Anyone familiar with this soft-spoken, 67-year-old academic can only scoff at such charges. The highly respected Esfandiari is well-known for efforts to bring Iranian scholars of all outlooks to the center, including supporters of the Tehran government. Her unjustified arrest serves the interests of no one - except those opposed to better relations between America and Iran.
Some believe Esfandiari has been caught up in Iran's reaction to the Bush administration's $75 million program to promote democracy in Iran. Fearful that the United States is trying to stir up a "velvet revolution," Iranian officials have been cracking down on groups promoting the rights of women, students and workers.

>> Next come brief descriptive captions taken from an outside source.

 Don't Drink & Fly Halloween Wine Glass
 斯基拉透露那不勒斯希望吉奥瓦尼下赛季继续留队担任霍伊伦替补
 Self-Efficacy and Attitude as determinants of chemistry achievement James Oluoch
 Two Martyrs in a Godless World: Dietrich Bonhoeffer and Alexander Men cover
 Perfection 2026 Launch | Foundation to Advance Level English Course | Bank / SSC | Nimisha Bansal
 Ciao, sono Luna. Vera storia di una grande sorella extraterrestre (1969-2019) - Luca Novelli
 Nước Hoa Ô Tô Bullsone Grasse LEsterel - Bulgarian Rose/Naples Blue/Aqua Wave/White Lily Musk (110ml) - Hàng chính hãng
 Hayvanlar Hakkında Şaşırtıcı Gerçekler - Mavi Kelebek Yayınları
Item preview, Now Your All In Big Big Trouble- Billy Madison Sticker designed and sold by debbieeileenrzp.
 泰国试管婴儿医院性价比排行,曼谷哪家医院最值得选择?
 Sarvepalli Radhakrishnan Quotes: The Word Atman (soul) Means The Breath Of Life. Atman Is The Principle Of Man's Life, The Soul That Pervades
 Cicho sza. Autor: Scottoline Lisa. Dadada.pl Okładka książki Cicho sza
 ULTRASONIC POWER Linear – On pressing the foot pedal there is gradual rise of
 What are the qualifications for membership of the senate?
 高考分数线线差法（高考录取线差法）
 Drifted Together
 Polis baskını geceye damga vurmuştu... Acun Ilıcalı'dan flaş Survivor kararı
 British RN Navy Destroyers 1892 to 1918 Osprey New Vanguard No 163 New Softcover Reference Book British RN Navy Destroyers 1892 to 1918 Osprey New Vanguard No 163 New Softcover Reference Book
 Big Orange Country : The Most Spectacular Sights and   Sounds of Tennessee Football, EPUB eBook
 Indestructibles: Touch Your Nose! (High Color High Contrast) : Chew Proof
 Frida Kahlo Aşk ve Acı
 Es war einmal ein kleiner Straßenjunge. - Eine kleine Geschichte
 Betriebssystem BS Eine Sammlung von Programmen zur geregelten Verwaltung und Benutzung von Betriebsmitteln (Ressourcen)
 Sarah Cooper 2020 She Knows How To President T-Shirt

Esfandiari was interrogated repeatedly about the Wilson Center's programs on Iran. Far from promoting regime change, however, she encouraged exchanges to help scholars of both societies understand one another better. Her program receives none of the Iran democracy program monies. Moreover, as Lee Hamilton, the president of the Wilson Center, wrote to Iranian President Mahmoud Ahmadinejad on Feb. 20, the Wilson Center doesn't take political positions.
Ahmadinejad hasn't bothered to answer the letter. How ironic, since Hamilton is coauthor of the Baker-Hamilton Iraq Study Group report, which advocates broader U.S. engagement with Iran. President Bush rebuffed the report; now Ahmadinejad has rebuffed its coauthor.
Indeed, Esfandiari may have become a pawn in Iran's internal political struggle between those who want more normal relations with the West and those who want to maintain an atmosphere of revolutionary struggle. Ahmadinejad, an advocate of the latter position, controls the interior ministry and intelligence services, and has appointed hard-liners to key positions. Perhaps that explains why Esfandiari is still being held.
But her arrest and imprisonment fly in the face of the Iranian president's professed willingness for dialogue. Even if he isn't serious, her plight undercuts the interests of other powerful Iranian factions who want to open the country and its economy wider to the world.
"By detaining her," says Karim Sadjadpour, an Iran expert at the Carnegie Endowment for International Peace, "the Iranian government only eliminates an advocate for diplomacy and strengthens the voices of those in Washington who say the regime is too cruel to be engaged."
Her arrest comes at a critical moment for the prospects of increased dialogue and exchanges between the two countries. Despite the recent saber-rattling by Vice President Cheney and Ahmadinejad, bilateral talks on Iraq are set to start in Baghdad this month between U.S. Ambassador Ryan Crocker and his Iranian counterpart. This could be an important development.
A series of artistic and cultural exchanges with Iran has recently begun. At least 10 Iranian deputies just signed a document proposing an Iranian-U.S. friendship committee in their parliament. This might lead to exchanges between Iranian legislators and the U.S. Congress, something that has bipartisan support on Capitol Hill.
So this is a strange time to be holding Esfandiari in Evin (and turning back her mother's gutsy attempts to see her). Unless, of course, the aim is to undermine any potential U.S.-Iranian thaw.
"The notion that Haleh is a threat to Iranian national security is beyond preposterous," says Sadjadpour. "The regime feels it's sending a message to the U.S. government that there are repercussions for its democracy-promotion efforts in Iran. But [by holding Haleh] they've increased the ranks of those in Washington who argue that the Iranian government is made up of radicals and that engaging them would be a mistake."
Is this the message Iranian officials really want to send?